## Work instructions
Retype the whole listing below exactly, keeping every picture out of it.

Given information section start

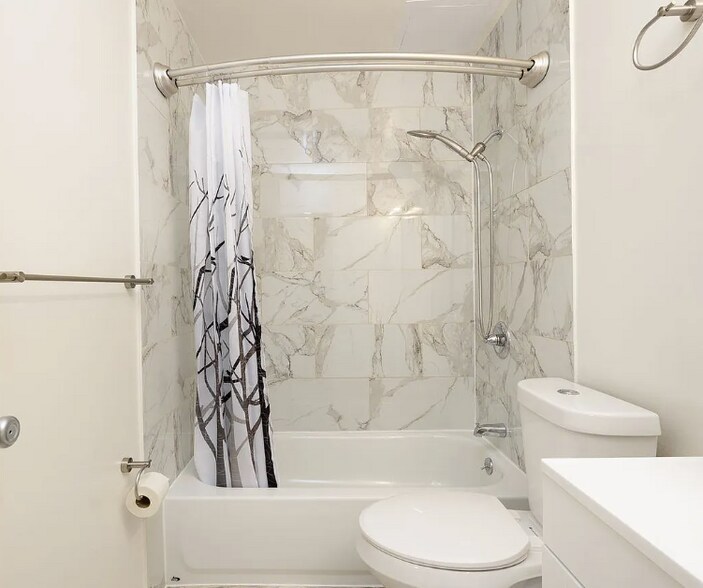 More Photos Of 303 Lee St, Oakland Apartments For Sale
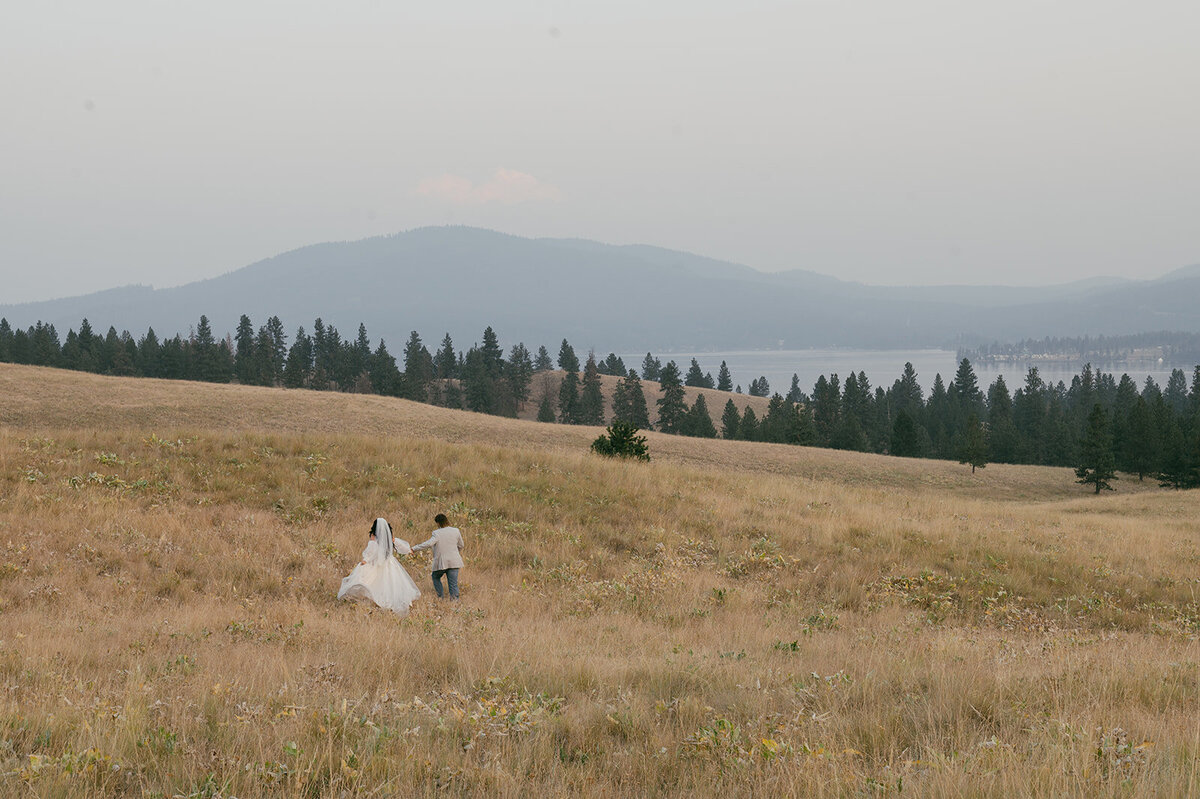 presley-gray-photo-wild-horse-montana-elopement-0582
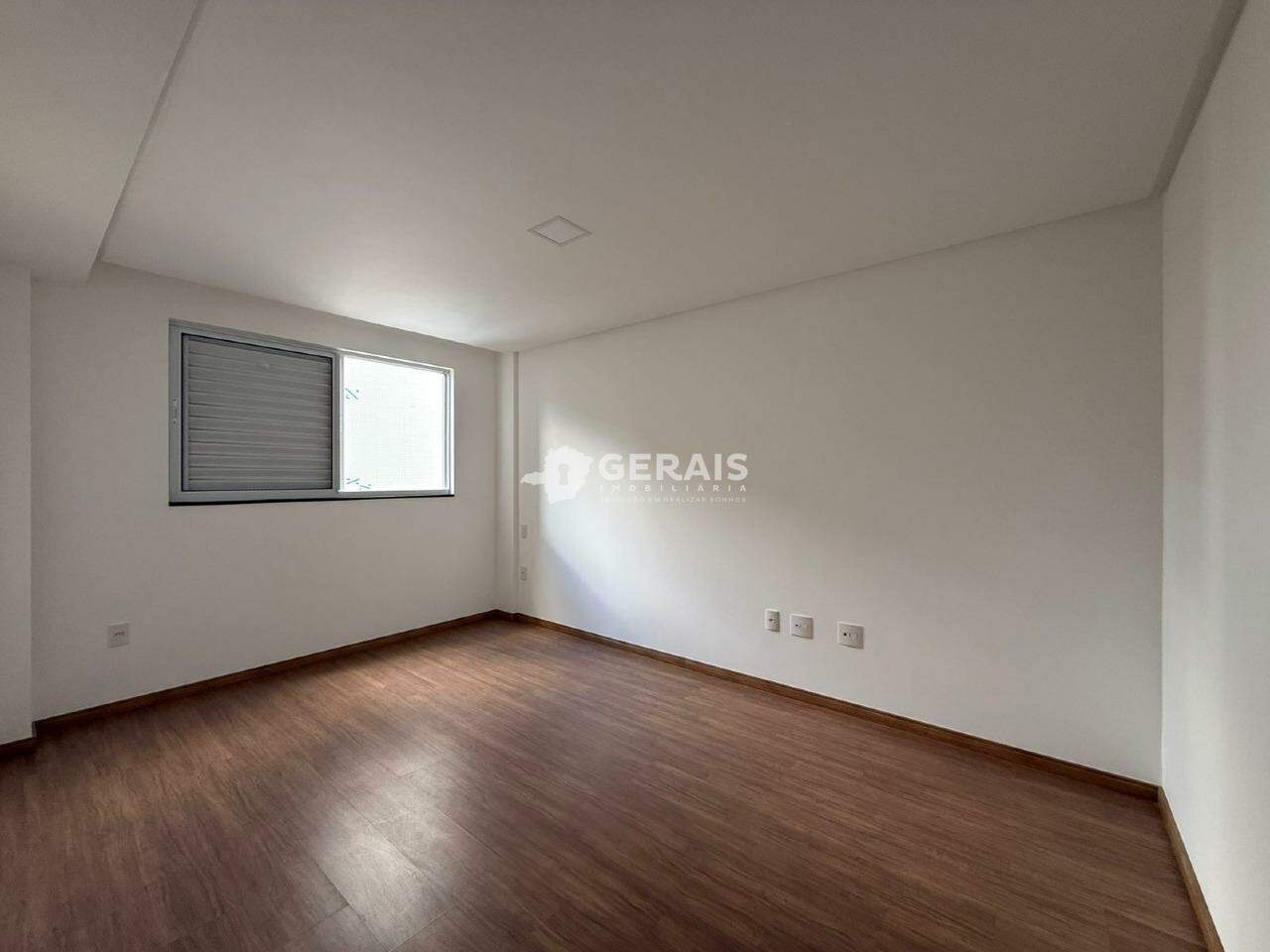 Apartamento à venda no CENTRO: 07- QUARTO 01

Given information section end

## Written solution
 More Photos Of 303 Lee St, Oakland Apartments For Sale
 presley-gray-photo-wild-horse-montana-elopement-0582
 Apartamento à venda no CENTRO: 07- QUARTO 01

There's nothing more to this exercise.